Radio signalling channels are used to page mobile radiotelephones
(mobile transmitter/receiver units) such as 403 within the limits
of the coverage area (cell) of the cellular base station 402, and
to place calls to other radiotelephones 403 located either inside
or outside the base station's cell or to another network such as
the Public Switched Telephone Network (PSTN) 404.
Once a radiotelephone 403 has successfully placed or received a
call, an audio or data channel is established between this
radiotelephone 403 and the cellular base station 402 corresponding
to the cell in which the radiotelephone 403 is situated, and
communication between the base station 402 and radiotelephone 403
is conducted over that audio or data channel. The radiotelephone
403 may also receive control or timing information over a
signalling channel while a call is in progress.

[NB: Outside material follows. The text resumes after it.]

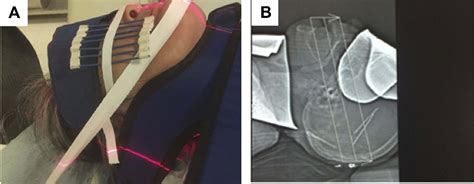 Figure From Bipolar Radiofrequency Ablation Of Mandibular Branch For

If a radiotelephone 403 leaves a cell and enters another adjacent
cell while a call is in progress, the radiotelephone 403 hands over
the call to an available audio or data channel of the new cell base
station 402. If a radiotelephone 403 leaves a cell and enters
another adjacent cell while no call is in progress, the
radiotelephone 403 sends a control message over the signalling
channel to log into the base station 402 of the new cell. In this
manner mobile communication over a wide geographical area is
possible.
The cellular communication system 401 further comprises a control
terminal 405 to control communication between the cellular base
stations 402 and the PSTN 404, for example during a communication
between a radiotelephone 403 and the PSTN 404, or between a
radiotelephone 403 located in a first cell and a radiotelephone 403
situated in a second cell.
Of course, a bidirectional wireless radio communication subsystem
is required to establish an audio or data channel between a base
station 402 of one cell and a radiotelephone 403 located in that
cell. As illustrated in very simplified form in FIG. 4, such a
bidirectional wireless radio communication subsystem typically
comprises in the radiotelephone 403:
a transmitter 406 including: an encoder 407 for encoding the voice
signal; and a transmission circuit 408 for transmitting the encoded
voice signal from the encoder 407 through an antenna such as 409;
and
a receiver 410 including: a receiving circuit 411 for receiving a
transmitted encoded voice signal usually through the same antenna
409; and a decoder 412 for decoding the received encoded voice
signal from the receiving circuit 411.
The radiotelephone further comprises other conventional
radiotelephone circuits 413 to which the encoder 407 and decoder
412 are connected and for processing signals therefrom, which
circuits 413 are well known to those of ordinary skill in the art
and, accordingly, will not be further described in the present
specification.
Also, such a bidirectional wireless radio communication subsystem
typically comprises in the base station 402:
a transmitter 414 including: an encoder 415 for encoding the voice
signal; and a transmission circuit 416 for transmitting the encoded
voice signal from the encoder 415 through an antenna such as 417;
and
a receiver 418 including: a receiving circuit 419 for receiving a
transmitted encoded voice signal through the same antenna 417 or
through another antenna (not shown); and a decoder 420 for decoding
the received encoded voice signal from the receiving circuit
419.
The base station 402 further comprises, typically, a base station
controller 421, along with its associated database 422, for
controlling communication between the control terminal 405 and the
transmitter 414 and receiver 418.
As well known to those of ordinary skill in the art, voice encoding
is required in order to reduce the bandwidth necessary to transmit
sound signal, for example voice signal such as speech, across the
bidirectional wireless radio communication subsystem, i.e., between
a radiotelephone 403 and a base station 402.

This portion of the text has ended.